The origin of the name is uncertain, possibly deriving from Middle English/early modern English as turmeryte or tarmaret. There was speculation that it may be of Latin origin, terra merita (merited earth).
The name of the genus, Curcuma, is from an Arabic name of both saffron and turmeric (see Crocus).
Turmeric is mostly used in savory dishes, but is used in some sweet dishes, such as the cake sfouf. In India, turmeric plant leaf is used to prepare special sweet dishes, patoleo, by layering rice flour and coconut-jaggery mixture on the leaf, then closing and steaming it in a special copper steamer (goa).
In recipes outside South Asia, turmeric is sometimes used as an agent to impart a rich, custard-like yellow color. It is used in canned beverages, baked products, dairy products, ice cream, yogurt, yellow cakes, orange juice, biscuits, popcorn color, cereals, sauces, gelatins, etc. It is a significant ingredient in most commercial curry powders.
Most turmeric is used in the form of rhizome powder. In some regions (especially in Maharashtra, Goa, Konkan, and Kanara), turmeric leaves are used to wrap and cook food. Turmeric leaves are mainly used in this way in areas where turmeric is grown locally, since the leaves used are freshly picked. Turmeric leaves impart a distinctive flavor.
Although typically used in its dried, powdered form, turmeric is also used fresh, like ginger. It has numerous uses in East Asian recipes, such as pickle that contains large chunks of soft turmeric, made from fresh turmeric.
Turmeric is widely used as a spice in South Asian and Middle Eastern cooking. Many Persian dishes use turmeric as a starter ingredient. Almost all Iranian khoresh dishes are started using onions caramelized in oil and turmeric, followed by other ingredients.
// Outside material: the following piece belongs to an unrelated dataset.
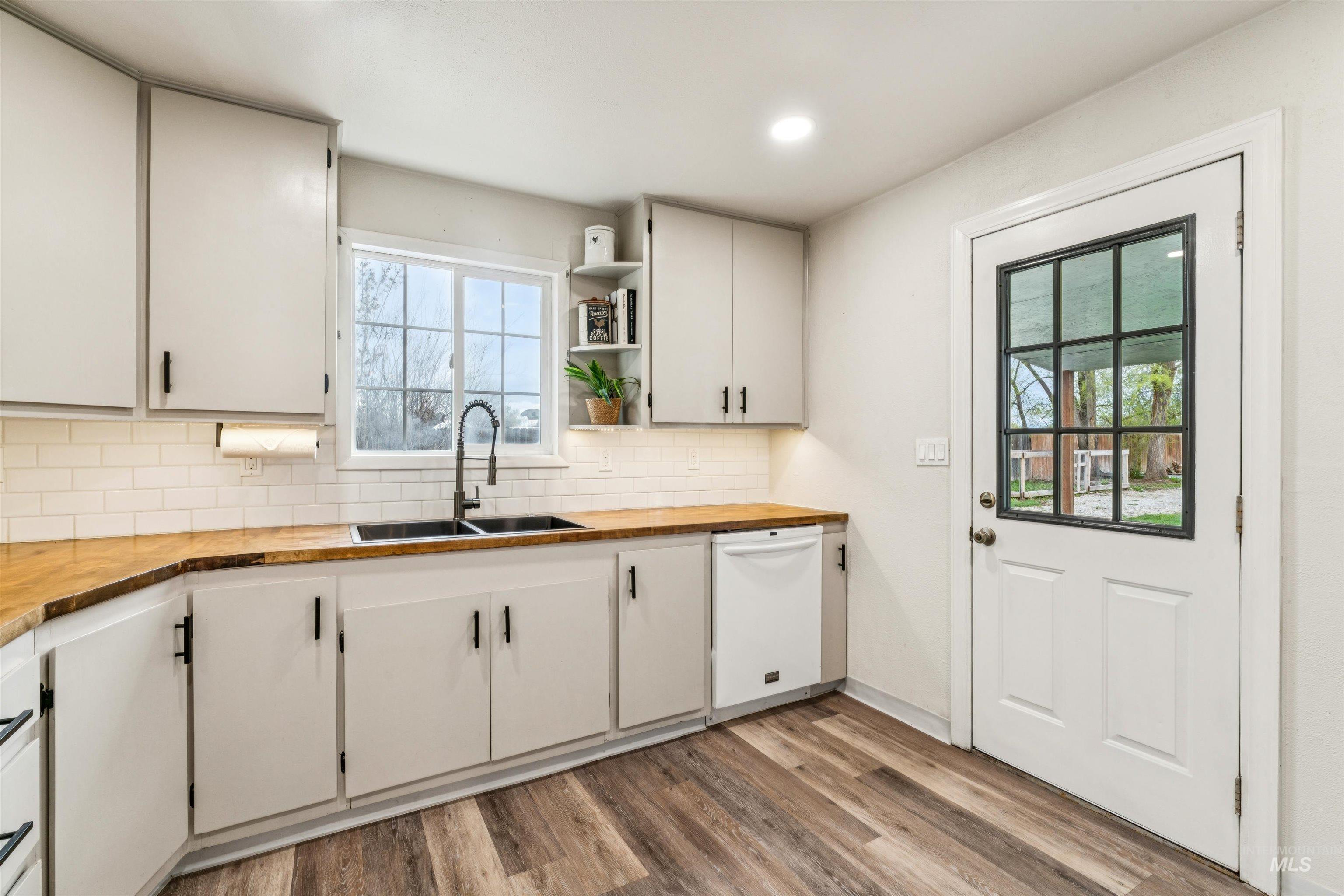 948 South Mill Road Emmett, ID 83617 - Photo 11 of 38 Kitchen with wood counters, dishwasher, light wood-style floors, open shelves, and tasteful backsplash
The Moroccanspice mix ras el hanout typically includes turmeric.
In India and Nepal, turmeric is widely grown and extensively used in many vegetable and meat dishes for its color; it is also used for its supposed value in traditional medicine.
In South Africa, turmeric is used to give boiled white rice a golden colour.
In Vietnamese cuisine, turmeric powder is used to color and enhance the flavors of certain dishes, such as bánh xèo, bánh khọt, and mi quang. The powder is used in many other Vietnamese stir-fried and soup dishes.
The staple Cambodian curry paste kroeung, used in many dishes including Amok, typically contains fresh turmeric.
In Indonesia, turmeric leaves are used for Minang or Padang curry base of Sumatra, such as rendang, sate padang, and many other varieties.
In Thailand, fresh turmeric rhizomes are widely used in many dishes, in particular in the southern Thai cuisine, such as the yellow curry and turmeric soup.
In medieval Europe, turmeric became known as Indian saffron because it was widely used as an alternative to the far more expensive saffron spice.
Basic research shows extracts from turmeric may have antifungal and antibacterial properties.
Turmeric is under study for its potential to affect human diseases, including Alzheimer’s disease and diabetes.
Turmeric makes a poor fabric dye, as it is not very light fast, but is commonly used in Indian and Bangladeshi clothing, such as saris and Buddhist monks’s robes. Turmeric (coded as E100 when used as a food additive) is used to protect food products from sunlight. Theoleoresin is used for oil-containing products. A curcumin and polysorbate solution or curcumin powder dissolved in alcohol is used for water-containing products. Over-coloring, such as in pickles, relishes, and mustard, is sometimes used to compensate for fading.
In combination with annatto, turmeric has been used to color cheeses, yogurt, dry mixes, salad dressings, winter butter and margarine. Turmeric is also used to give a yellow color to some prepared mustards, canned chicken broths, and other foods (often as a much cheaper replacement for saffron).